Owen makes a conspicuous entrance as he travels to the front of the audience and back again for a round of drinks. Nella is acutely aware that he is one of two white people in attendance. She thinks of the white men she met in college, who pursued her as a conquest, and compares them to Owen, who always treated her as a serious love interest. While Owen is away, Malaika asks how he feels about the threatening notes, and Nella confesses she hasn’t told him.
Hazel appears onstage and announces that, in addition to co-sponsoring the event, Wagner Books has committed to recruit more people of color. A bald woman in the audience, later identified as Shani, mutters “Sweet Baby Jesus” (209). Nella is annoyed to see that Hazel’s accomplishment visibly impresses Owen and Malaika. Nella fantasizes about stealing the mic and informing the audience of Wagner’s failed diversity meetings and Shartricia.
After the reading, Nella confronts Hazel, demanding answers about Richard, the notes, and the marketing meeting. Hazel explains that she and Richard have been researching equitable hiring practices and that, although she disliked Shartricia’s portrayal, Hazel practiced code switching to stay in Vera’s and Colin’s good graces and later subtly push for edits.

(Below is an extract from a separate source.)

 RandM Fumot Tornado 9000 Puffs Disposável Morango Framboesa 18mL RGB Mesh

Richard, whom Hazel refers to as “Dick,” briefly interrupts to congratulate Hazel and ignores Nella. Irritated, Nella tries to leave, but Hazel stops her with a peace offering of unlabeled hair grease called “Smooth’d Out” and an invitation to a natural hair party she is hosting. Hazel then asks Nella to explain the notes she mentioned and seems genuinely confused and concerned. Hazel urges her to report the notes to Richard, and Nella makes a noncommittal reply before finally leaving more confused than before.
During a Resistance meeting the following day, Shani reflects in greater detail about the circumstances of her flight from Boston and the goals of the Resistance. On Shani’s last day at Cooper’s magazine, Eva circulated a copy of the infamous op-ed, in which Shani was quoted referring to her white colleagues as “Vampiric, self-important white saviors whose definition of diversity is writing about Black and brown people who do nothing but hurt and steal” (228). Feeling shocked and betrayed, Shani recognized the quote as part of a conversation with Eva the night before. Shani was publicly fired, and Eva was nowhere to be found.

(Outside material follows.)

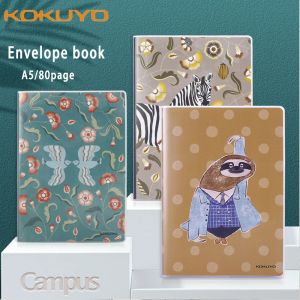 Planificateurs One Japanese Kokuyo Enveloppe Notebook Manchet en caoutchouc transparent Grille Blocage Blocage 80 pages A5 Livre d'illustrator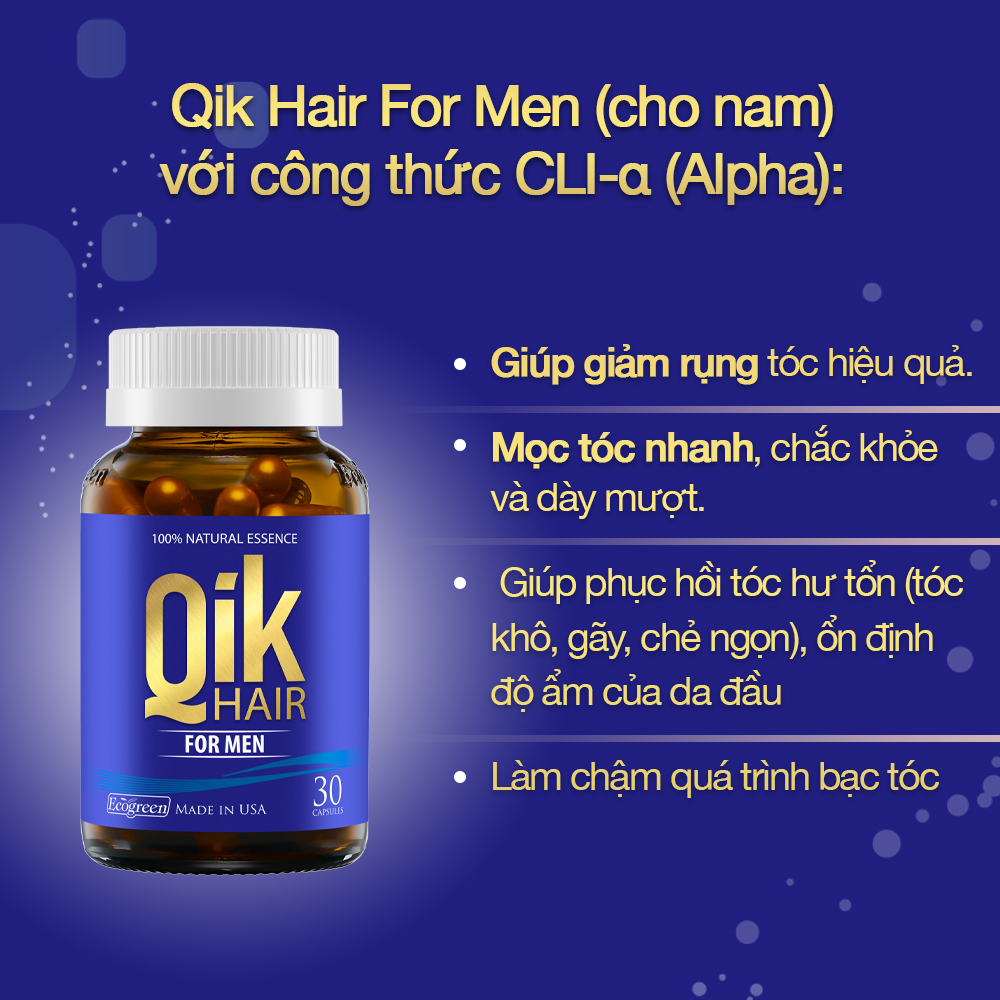 Viên uống QIK HAIR (cho Nam) hỗ trợ giảm rụng, mọc tóc chắc khỏe (30 viên)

Shortly thereafter, Lynn sent Shani documentation of Eva’s “ever-changing identities,” her “wild trajectory” across the United States, and the “destruction she always somehow managed to leave in her wake” (227). Lynn identified Eva as an “OBG,” or “Other Black Girl”: a driven, individualistic young Black woman “beholden to [no one] but [herself] and the white people [she] worked for,” someone “obsessed with success—and with taking down any Black women who got in [her] way” (229). Convinced that Eva is part of a larger, more insidious movement, Shani deleted all social media, cut her long natural hair, and moved to New York to join the Resistance.

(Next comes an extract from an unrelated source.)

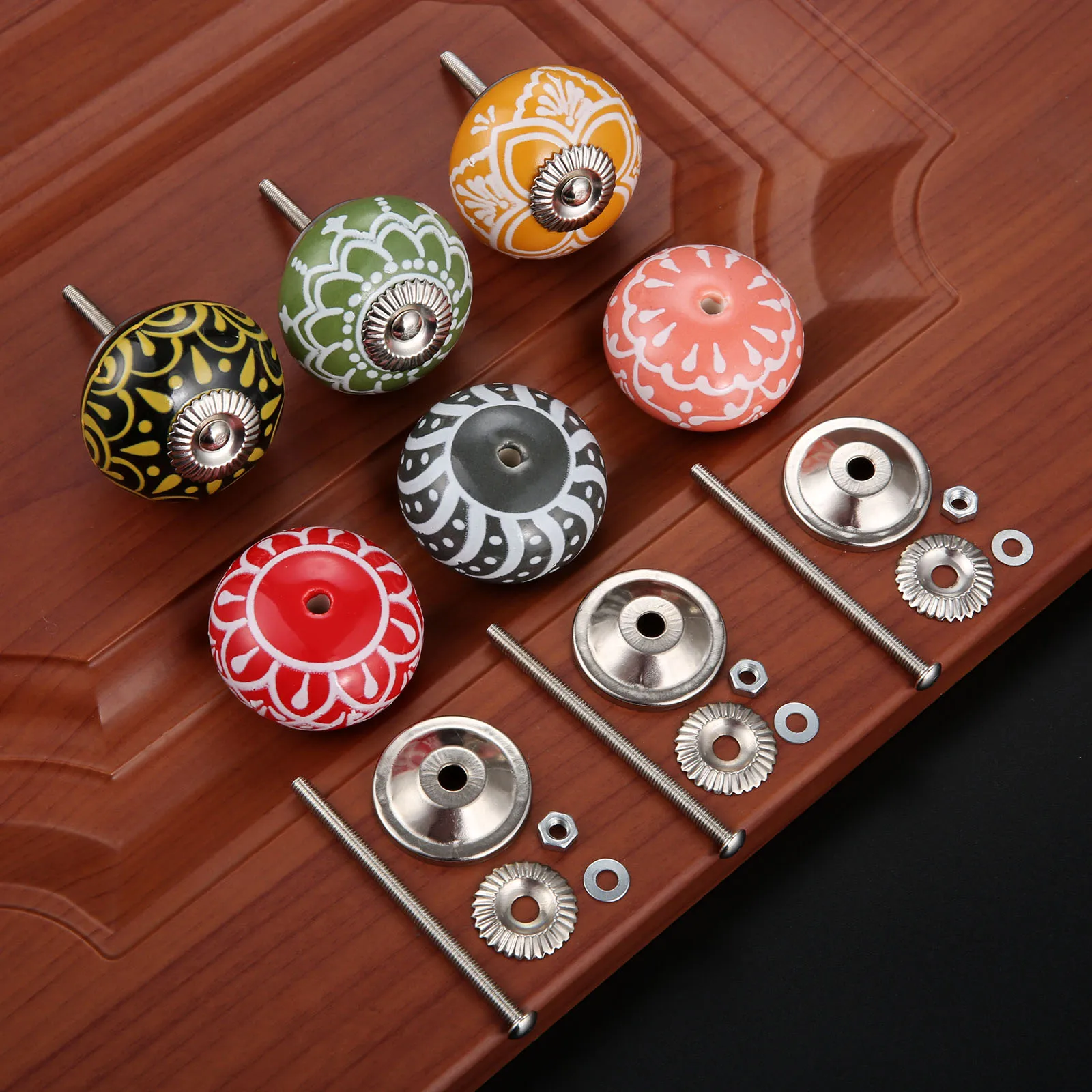 40mm Vintage Floral Prints Cer - Cabinet Knob Round 评论和价格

During their twice-monthly meeting, Lynn shares evidence collected over the past five years about OBGs, including their locations and characteristics, such as the “smile-and-nod,” “helpless shrug,” and “glassy-eyed stare” (230). Lynn suspects OBGs came into existence 20 years prior and currently blend in with and convert non-OBGs. Shani recounts her observations from the Young, Black ’n’ Lit event and notes that she saw Hazel hand Nella a jar. Shani also reveals that the Resistance has been using Pam to send notes to Nella.
The Resistance has many rules, one of which is to “Never confront an OBG or potential OBG unless directed” (231); however, Shani believes the Resistance should warn Nella about Hazel. Lynn, who believes Nella is compromised, instructs Shani to keep her distance. After the meeting, Lynn introduces Shani to Kendra Rae, who is visiting New York in secret. Kendra Rae promises to tell the Resistance what she knows about Wagner Books. In exchange, she asks Shani to describe the jar that Hazel handed to Nella.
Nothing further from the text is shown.